[Image-text web data]
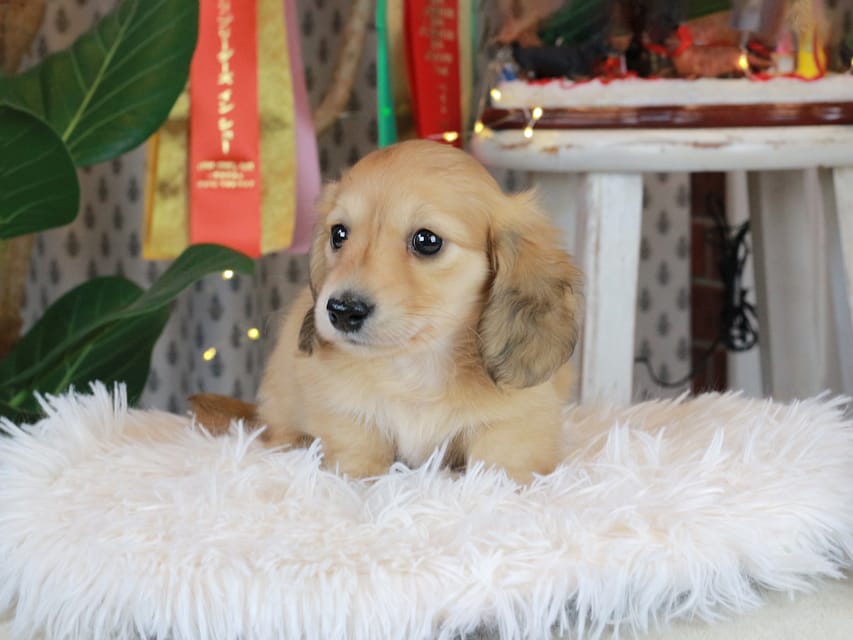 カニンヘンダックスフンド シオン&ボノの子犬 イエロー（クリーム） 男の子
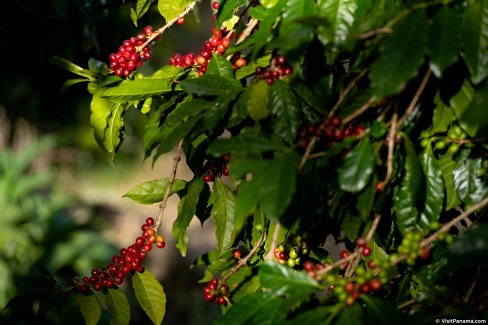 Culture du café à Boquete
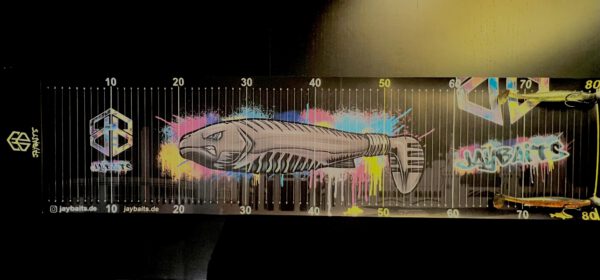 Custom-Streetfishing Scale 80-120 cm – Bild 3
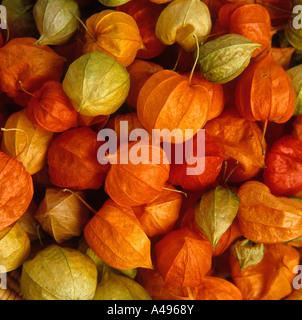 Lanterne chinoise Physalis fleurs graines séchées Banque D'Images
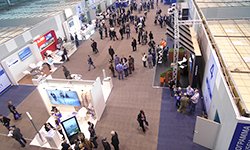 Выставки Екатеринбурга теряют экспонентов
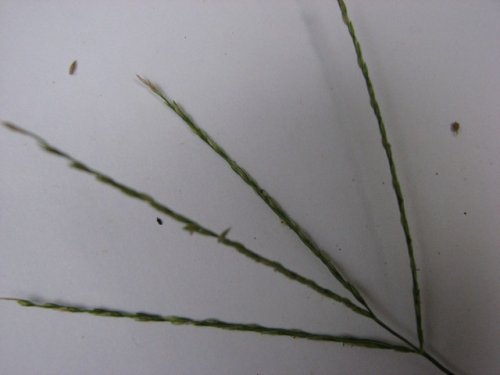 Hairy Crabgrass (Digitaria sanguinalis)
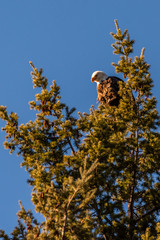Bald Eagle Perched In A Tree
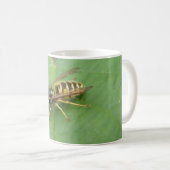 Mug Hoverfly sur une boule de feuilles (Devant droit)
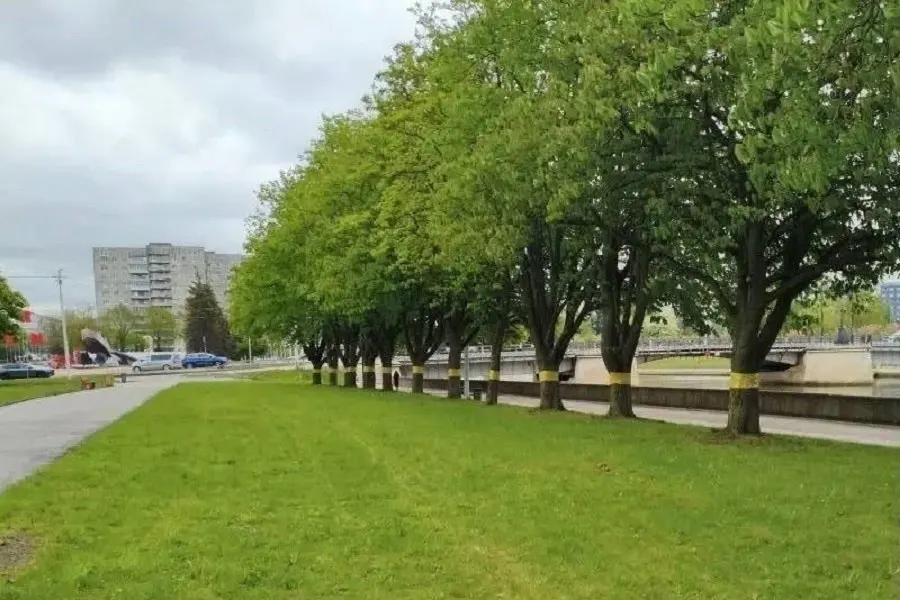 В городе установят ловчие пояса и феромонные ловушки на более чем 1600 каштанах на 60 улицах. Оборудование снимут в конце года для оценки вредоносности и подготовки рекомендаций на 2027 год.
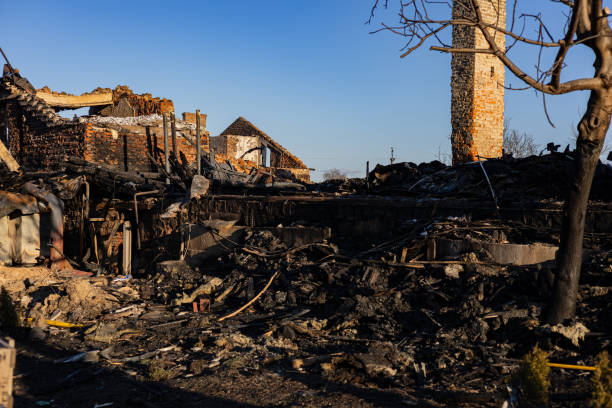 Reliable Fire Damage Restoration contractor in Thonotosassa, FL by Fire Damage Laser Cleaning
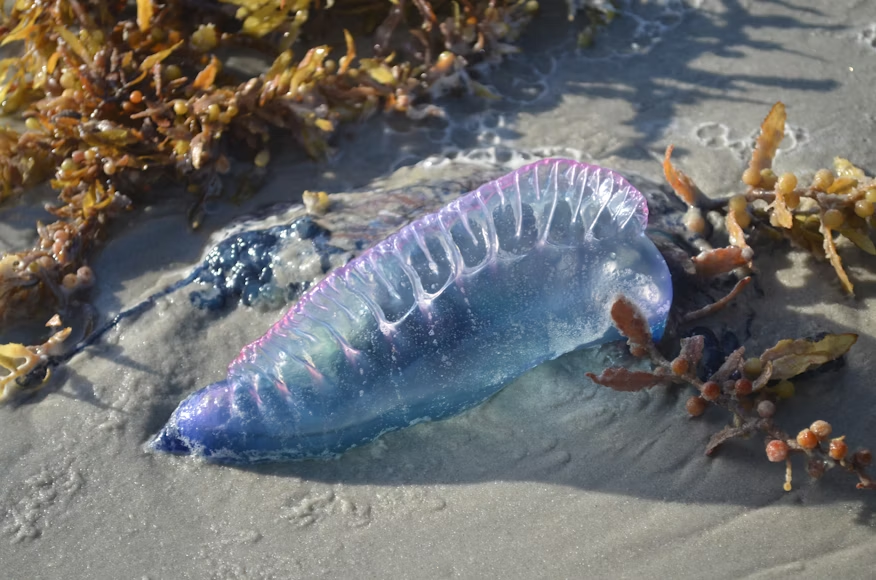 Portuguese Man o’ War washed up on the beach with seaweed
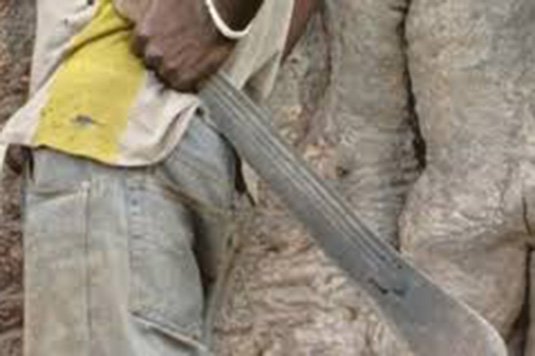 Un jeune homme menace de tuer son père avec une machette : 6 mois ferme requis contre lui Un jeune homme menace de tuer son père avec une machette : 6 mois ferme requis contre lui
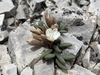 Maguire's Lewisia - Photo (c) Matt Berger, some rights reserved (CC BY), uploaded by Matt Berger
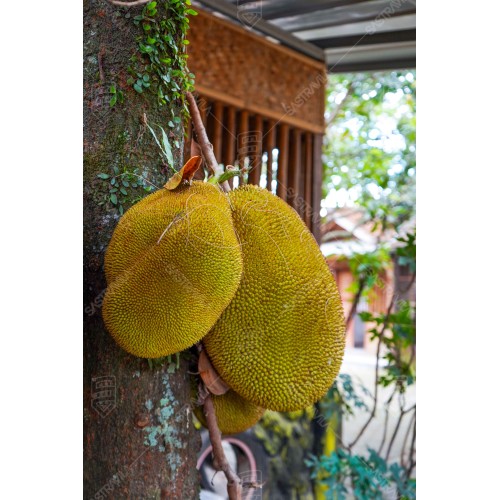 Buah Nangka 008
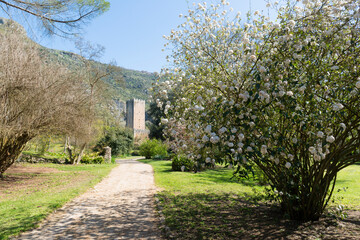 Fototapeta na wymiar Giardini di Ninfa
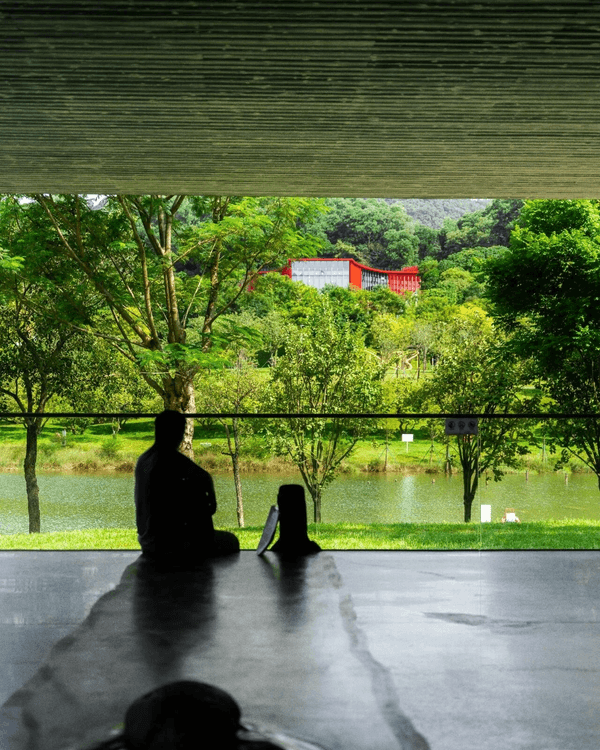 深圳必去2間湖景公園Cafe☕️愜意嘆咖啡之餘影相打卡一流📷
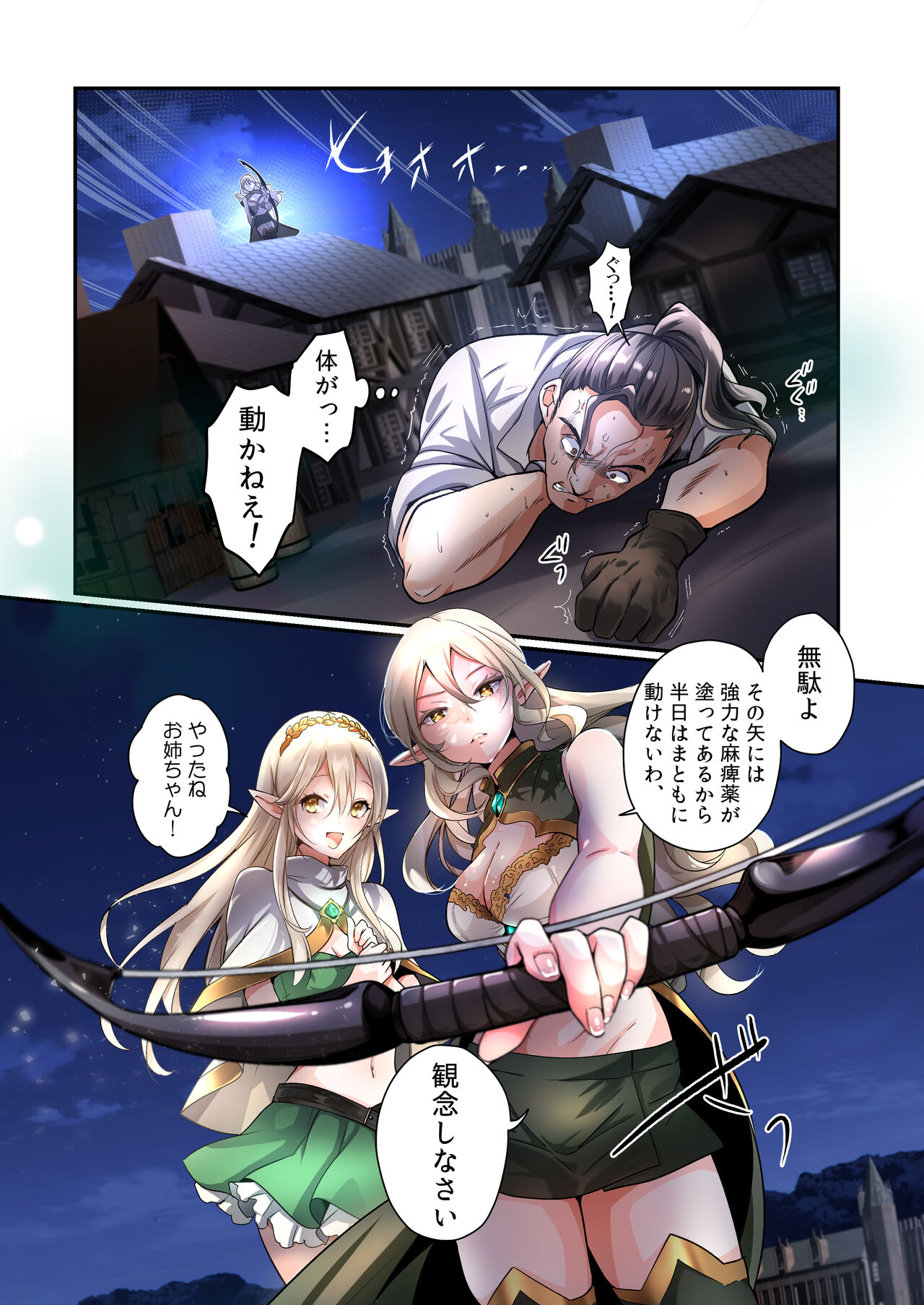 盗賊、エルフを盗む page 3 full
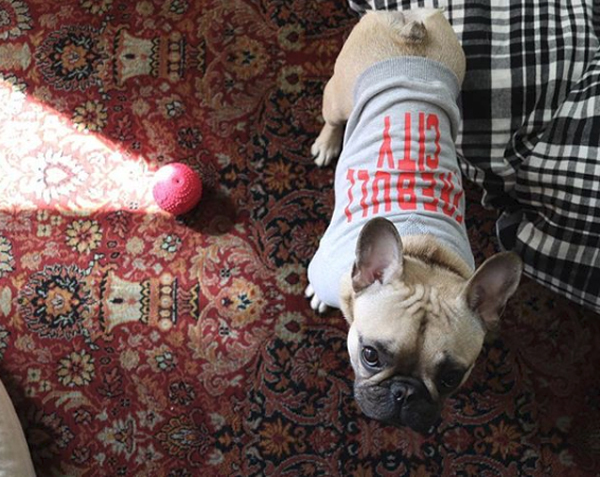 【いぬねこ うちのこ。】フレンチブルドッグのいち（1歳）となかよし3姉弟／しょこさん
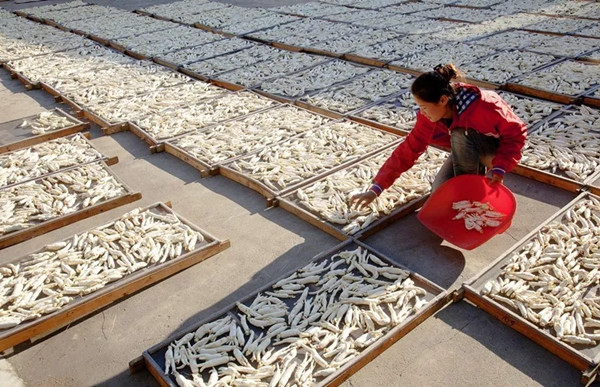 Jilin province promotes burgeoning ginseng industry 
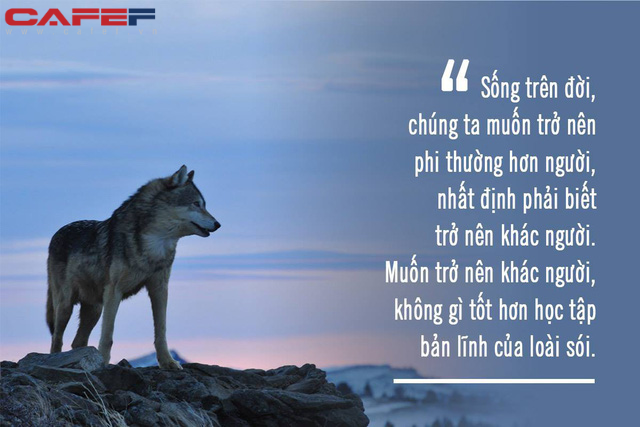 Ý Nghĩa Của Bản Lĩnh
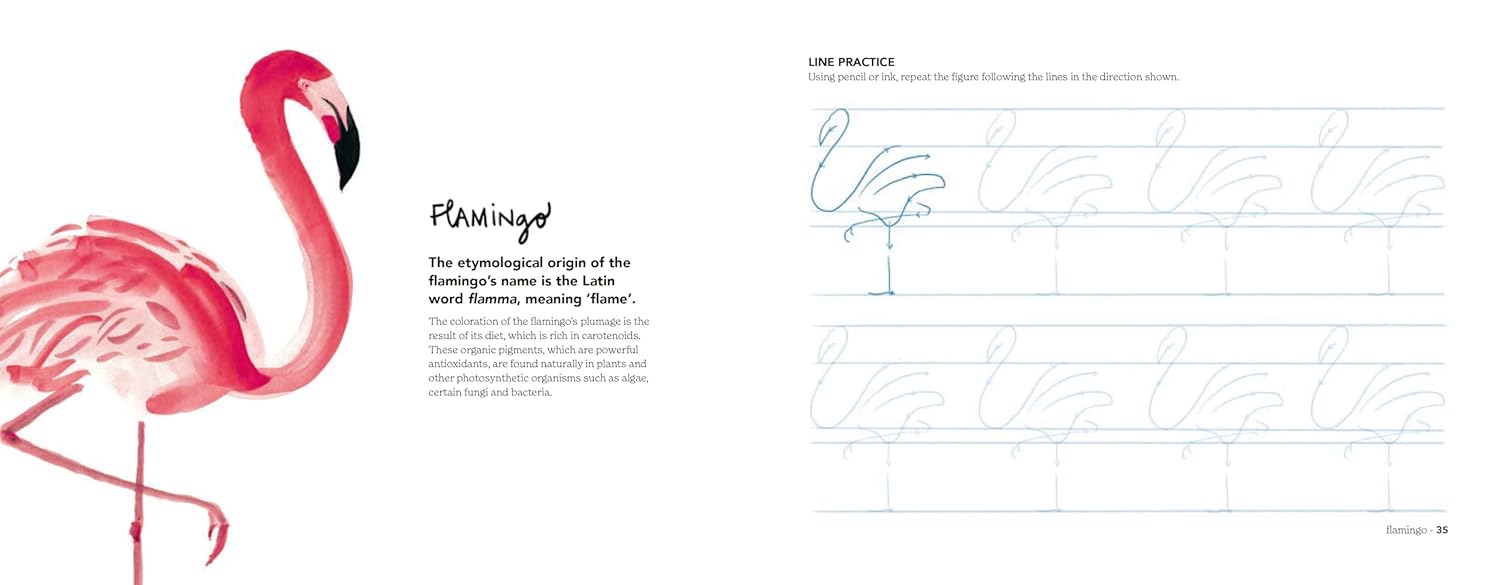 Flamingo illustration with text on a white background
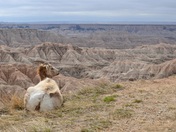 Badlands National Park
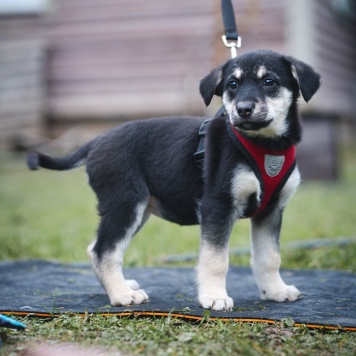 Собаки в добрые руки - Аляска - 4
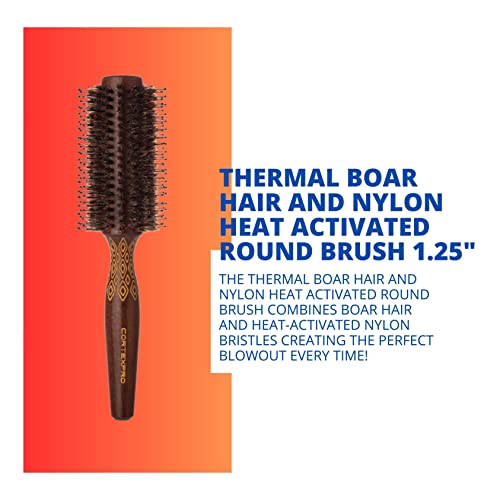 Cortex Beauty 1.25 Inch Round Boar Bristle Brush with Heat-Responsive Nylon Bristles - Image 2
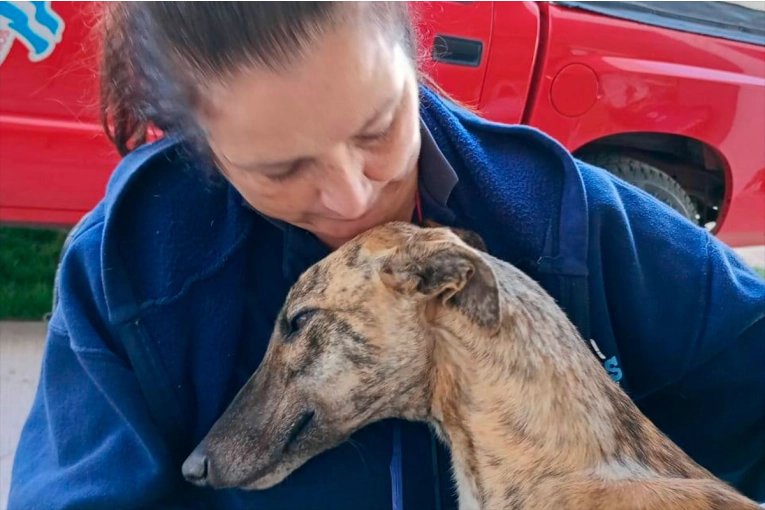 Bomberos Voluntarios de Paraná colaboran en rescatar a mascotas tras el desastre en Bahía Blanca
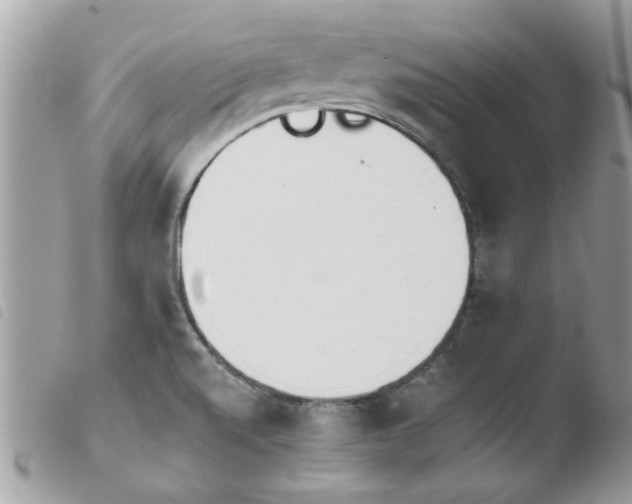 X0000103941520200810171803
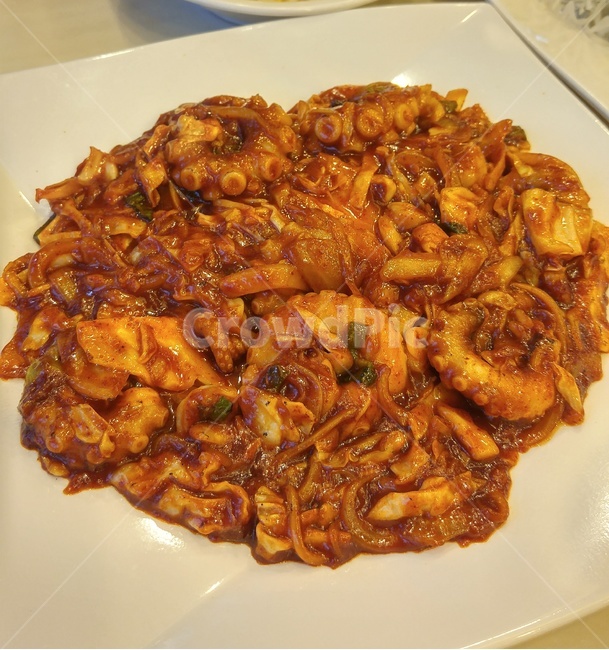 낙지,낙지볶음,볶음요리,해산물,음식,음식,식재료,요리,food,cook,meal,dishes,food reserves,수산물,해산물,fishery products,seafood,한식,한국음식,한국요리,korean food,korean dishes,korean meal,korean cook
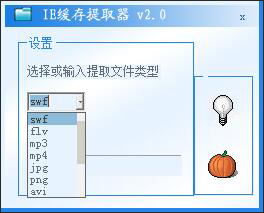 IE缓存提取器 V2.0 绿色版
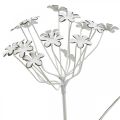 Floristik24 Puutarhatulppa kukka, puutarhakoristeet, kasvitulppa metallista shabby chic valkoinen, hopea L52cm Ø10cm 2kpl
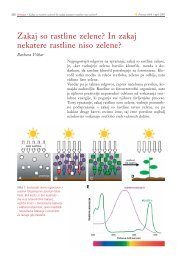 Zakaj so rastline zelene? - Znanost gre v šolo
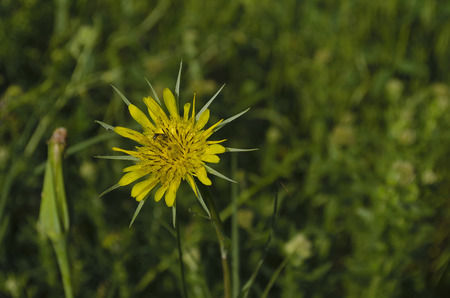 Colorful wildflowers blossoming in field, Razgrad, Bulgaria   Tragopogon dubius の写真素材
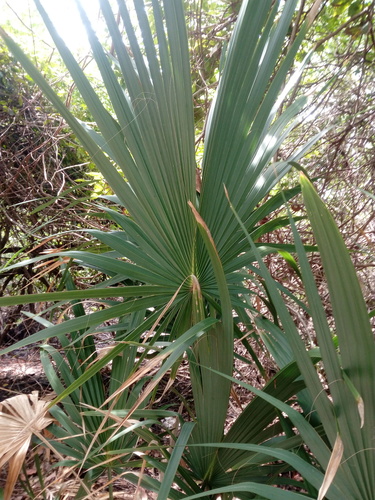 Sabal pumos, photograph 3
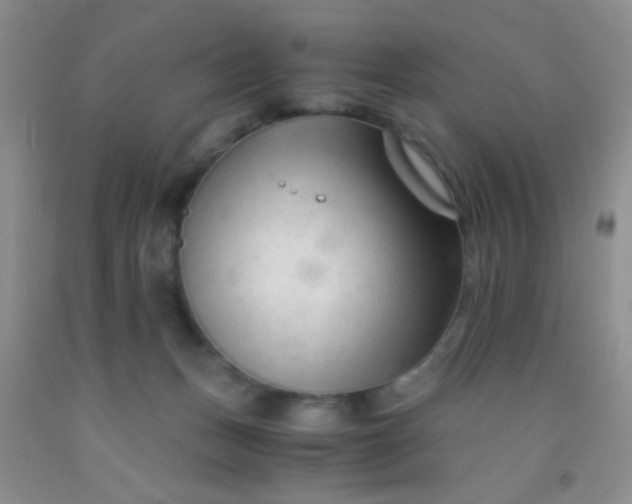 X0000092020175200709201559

EXERCISE AIM = Type the entries again verbatim. Any pictures should be skipped.

YOUR SOLUTION =
 カニンヘンダックスフンド シオン&ボノの子犬 イエロー（クリーム） 男の子
 Culture du café à Boquete
 Custom-Streetfishing Scale 80-120 cm – Bild 3
 Lanterne chinoise Physalis fleurs graines séchées Banque D'Images
 Выставки Екатеринбурга теряют экспонентов
 Hairy Crabgrass (Digitaria sanguinalis)
Bald Eagle Perched In A Tree
 Mug Hoverfly sur une boule de feuilles (Devant droit)
 В городе установят ловчие пояса и феромонные ловушки на более чем 1600 каштанах на 60 улицах. Оборудование снимут в конце года для оценки вредоносности и подготовки рекомендаций на 2027 год.
 Reliable Fire Damage Restoration contractor in Thonotosassa, FL by Fire Damage Laser Cleaning
 Portuguese Man o’ War washed up on the beach with seaweed
 Un jeune homme menace de tuer son père avec une machette : 6 mois ferme requis contre lui Un jeune homme menace de tuer son père avec une machette : 6 mois ferme requis contre lui
 Maguire's Lewisia - Photo (c) Matt Berger, some rights reserved (CC BY), uploaded by Matt Berger
 Buah Nangka 008
 Fototapeta na wymiar Giardini di Ninfa
 深圳必去2間湖景公園Cafe☕️愜意嘆咖啡之餘影相打卡一流📷
 盗賊、エルフを盗む page 3 full
 【いぬねこ うちのこ。】フレンチブルドッグのいち（1歳）となかよし3姉弟／しょこさん
 Jilin province promotes burgeoning ginseng industry 
 Ý Nghĩa Của Bản Lĩnh
 Flamingo illustration with text on a white background
 Badlands National Park
 Собаки в добрые руки - Аляска - 4
 Cortex Beauty 1.25 Inch Round Boar Bristle Brush with Heat-Responsive Nylon Bristles - Image 2
 Bomberos Voluntarios de Paraná colaboran en rescatar a mascotas tras el desastre en Bahía Blanca
 X0000103941520200810171803
 낙지,낙지볶음,볶음요리,해산물,음식,음식,식재료,요리,food,cook,meal,dishes,food reserves,수산물,해산물,fishery products,seafood,한식,한국음식,한국요리,korean food,korean dishes,korean meal,korean cook
 IE缓存提取器 V2.0 绿色版
 Floristik24 Puutarhatulppa kukka, puutarhakoristeet, kasvitulppa metallista shabby chic valkoinen, hopea L52cm Ø10cm 2kpl
 Zakaj so rastline zelene? - Znanost gre v šolo
 Colorful wildflowers blossoming in field, Razgrad, Bulgaria   Tragopogon dubius の写真素材
 Sabal pumos, photograph 3
 X0000092020175200709201559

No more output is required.